Parry: He's asking what I might think about the assassination of President Kennedy. And I guess my answer about that would be I don't know. One of the great tragedies of losing our history which is what's been happening throughout our lifetimes, has been that, because of this sort of 'conventional wisdom' or 'conventional reality' that exists, certain things are not explored. I guess in '63 the conventional wisdom was of course that it was a lone gun acting by himself - a crazy man. And so the Warren Commission, like many other government investigations since, basically just reinforced - ratified that belief. They may have been right - I mean, I don't know. [Man interjects "there've been over 600 books on the subject written ] -I know! I've read some of them. But - all I'm saying is that if investigations aren't done properly within a certain period of time it's very hard to do them. I had a friend who was at Time/LIFE during that period and he was following up on the connections to New Orleans. But Time/LIFE was so angry about anyone even THINKING that there might be another part of this story, that he used to have to put down different stories on his expense accounts - like if he would to go to New Orleans to interview some of these guys that might have information he'd have to say he was there for the Mardi Gras or something. He couldn't say he was there for the assassination of President Kennedy because he would have been considered some kind of a nut!
And in answer to a question about maybe the people don't really want to know the truth or take responsibility to pressure the powers that be to tell the truth:
Parry: I think probably a lot of people don't want to know. I agree with that. I think, because, it's hard to know. And I would hear that a lot. That would be an argument that would be used a great deal in the 80's after Iran-Contra was going along - it would be that people were bored, they were tired, they didn't want to hear about it anymore. My feeling though is that it was the responsibility of the reporter to tell the people what he could about important events as fairly and as completely as possible. And it was less my responsibility to decide what they should know or shouldn't know, or even wanted to know, but to make an honest judgment about what was historically of importance and tell them what I could. And even if it's 10% of the public that wants to know, they deserve to know. I don't think you should do polls to find out what people want to hear and then tell them what they want to hear. I think to some degree the press needs to inform the public about stuff that's important.

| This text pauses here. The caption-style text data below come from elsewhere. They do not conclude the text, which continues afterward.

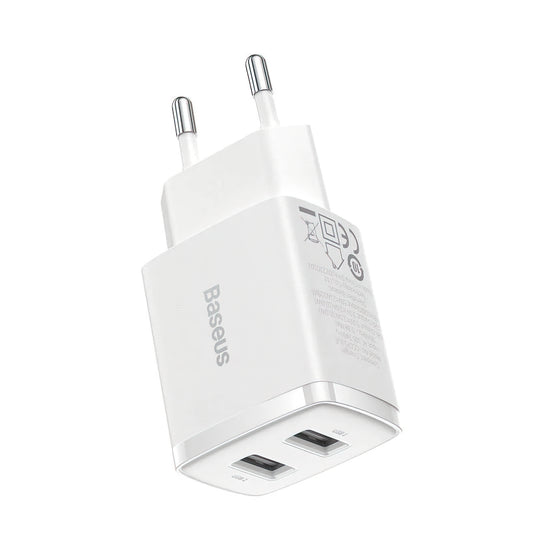 Baseus Compact nätverksladdare, 10.5W, 2.1A, 2 x USB-A, Vit CCXJ010202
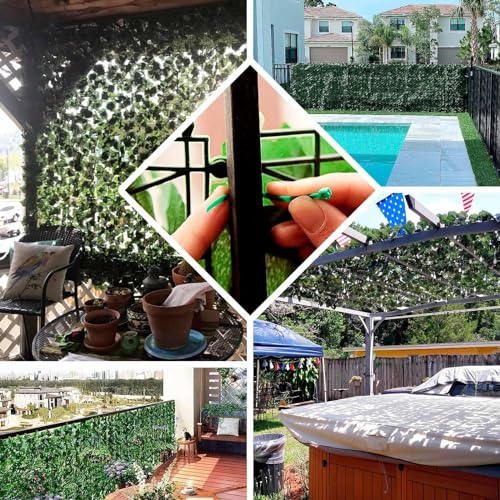 Efavormart 12 Pack Artificial Ivy Privacy Screen Fence Panels - 32 Sq. Ft. Dark Green Faux Leaf Hedge Greenery Wall, UV Protected Garden Privacy Screen & Outdoor Privacy Fence Decor - color: Type1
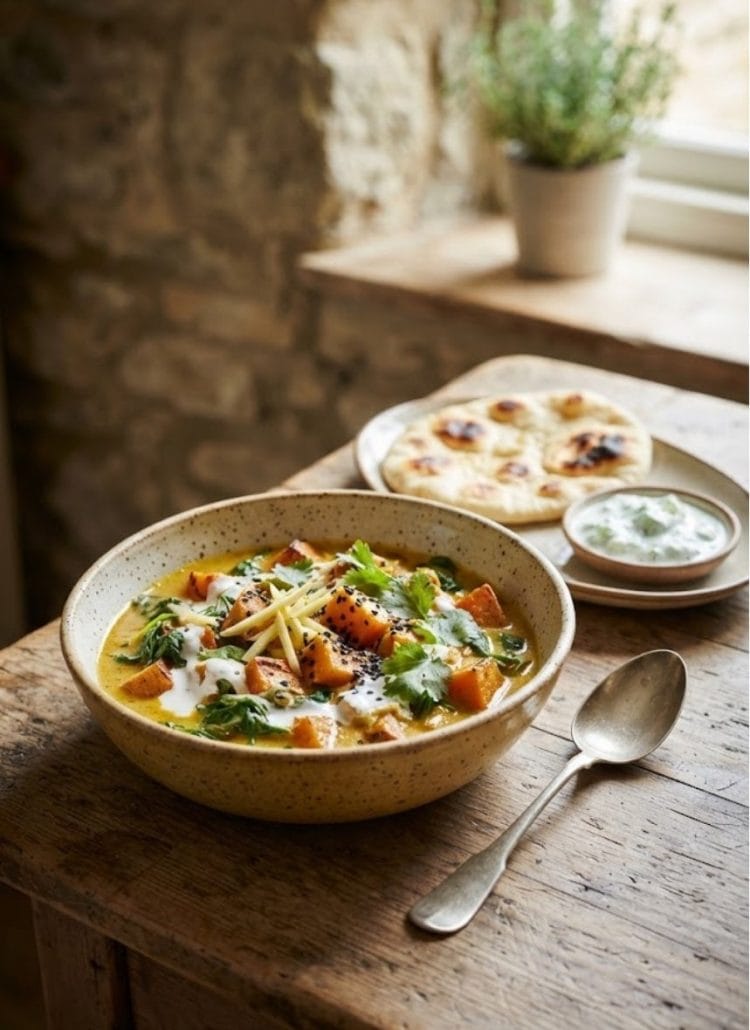 Curry de patates douces au gingembre et lait de coco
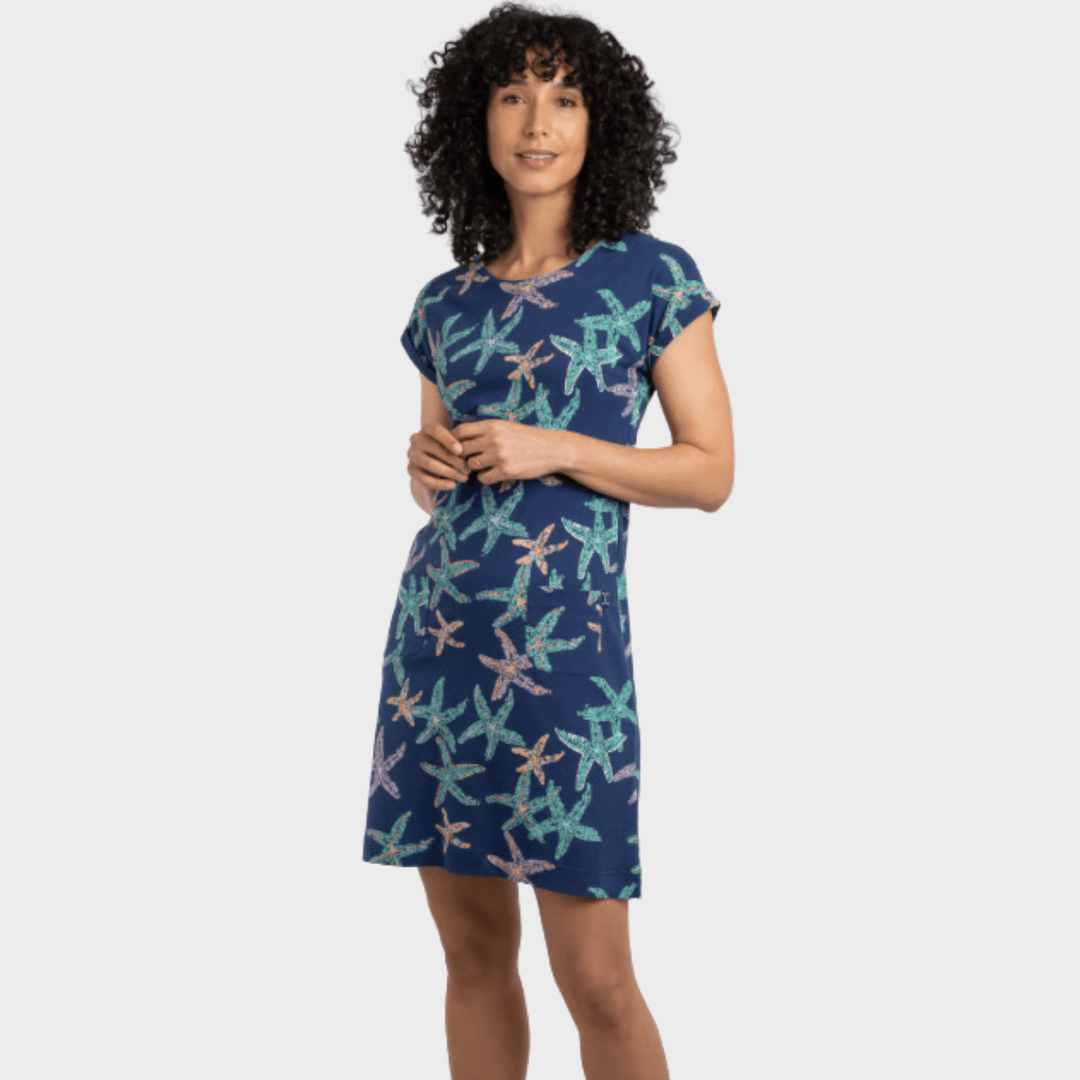Ladies Printed Jersey Dress Navy/Green from You Know Who's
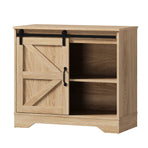 Oikiture Buffet Sideboard Cabinet Pantry Storage Cupboard Sliding Door Natural, image 3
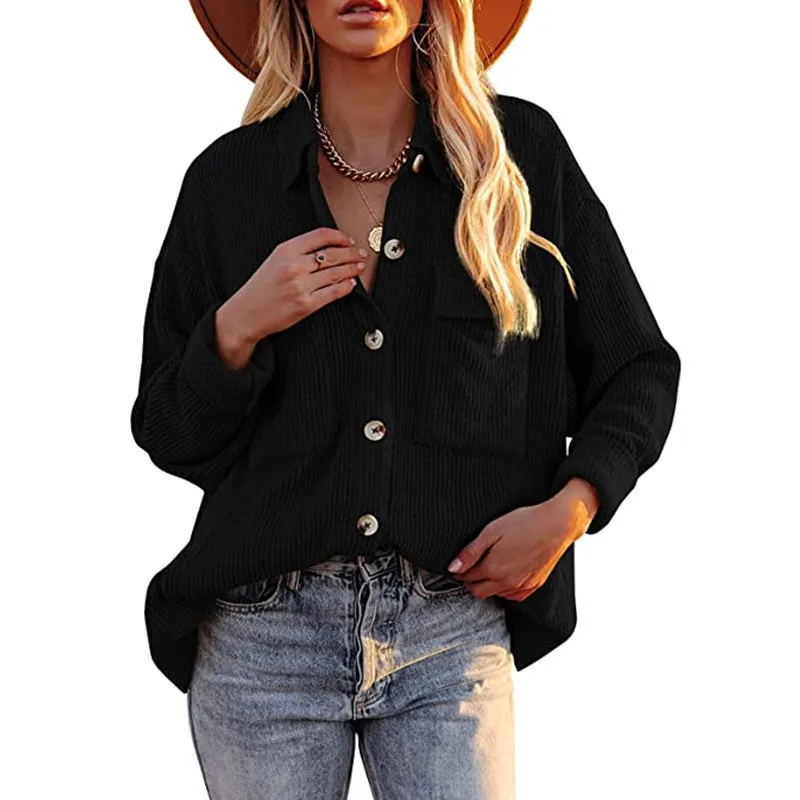 

2021 Autumn Corduroy Jacket for Lady Overshirt Blouse for Women Winter Button Tops Solid Loose Long Sleeve Coat Shirts Female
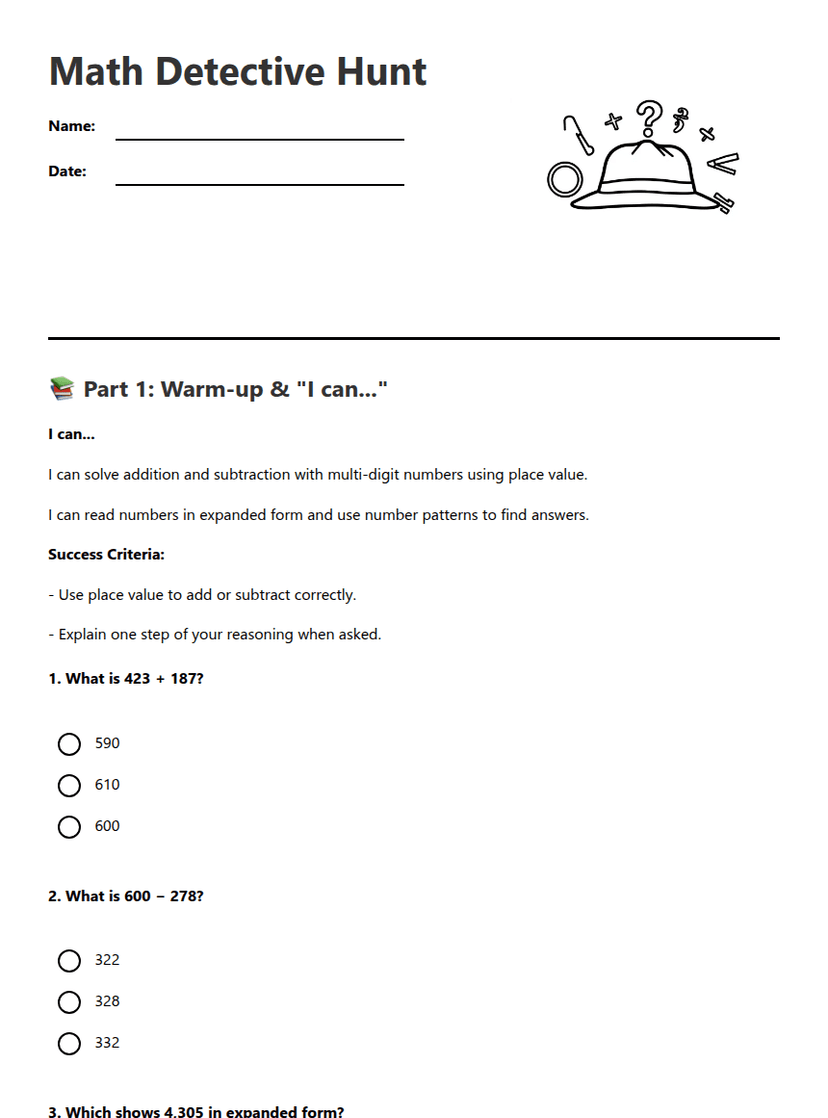 Math Detective Hunt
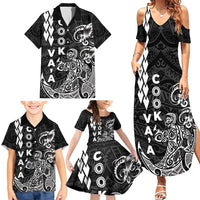 Cook Islands Va'a Polynesian Art Tattoo Family Matching Summer Maxi Dress and Hawaiian Shirt Black Color LT03 - Polynesian Pride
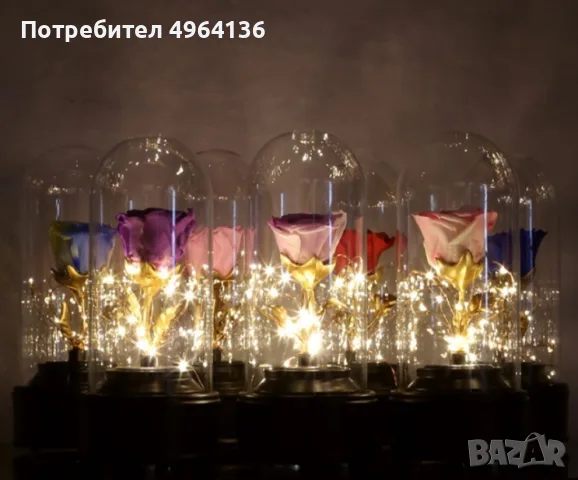 Вълшебна неувяхваща роза в стъкленица с LED светлина.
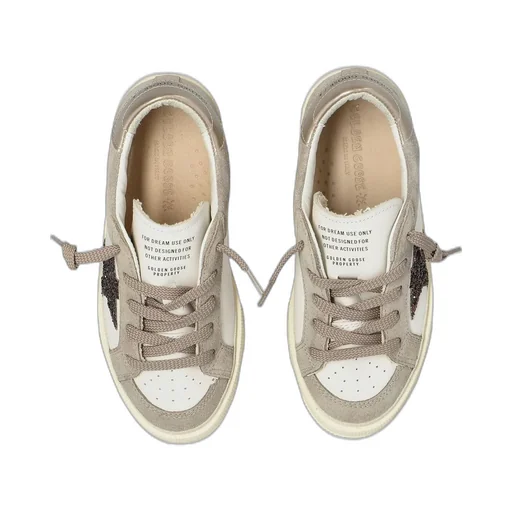 Golden Goose Kids May Star-Glittered Lace-Up Sneakers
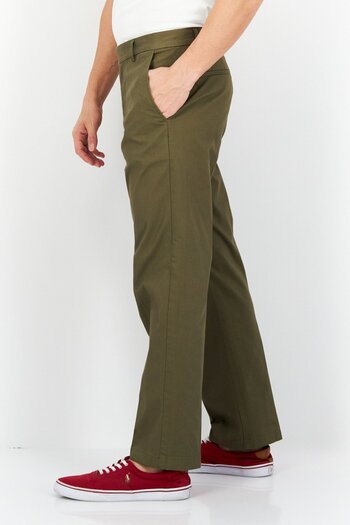 Esprit Men Regular Fit Plain Chino Pants, Olive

In answer to "do the people know they're being lied to":
Parry: Well basically, the American people I think, from the polls, believe - first of all they WERE interested in Iran-Contra, much more so than the press wanted to think. I remember once at Newsweek a poll showed 1/3 of the people following the story closely, 1/3 following them a little bit, and a 1/3 of them not following them at all, and they said - well, you see 2/3 of the people aren't following them very much at all, so therefore, you know - there were arguments that were kind of turned and twisted to make it appear that the public didn't really want to know. I think the public DID want to know. Ollie North's book was a bestseller - a number have been bestsellers - that shows that they're interested. Plus, I think, they have a tremendous distrust of how the government's functioned and they want to know when they've been lied to. It may not be that they care as much about all the details, but they sure care if a man who is running for President has lied to them in a major way, and expect the press to try to make a good-faith effort to discover that, and not to sort of go along and say gee, it would be too disruptive if people knew that.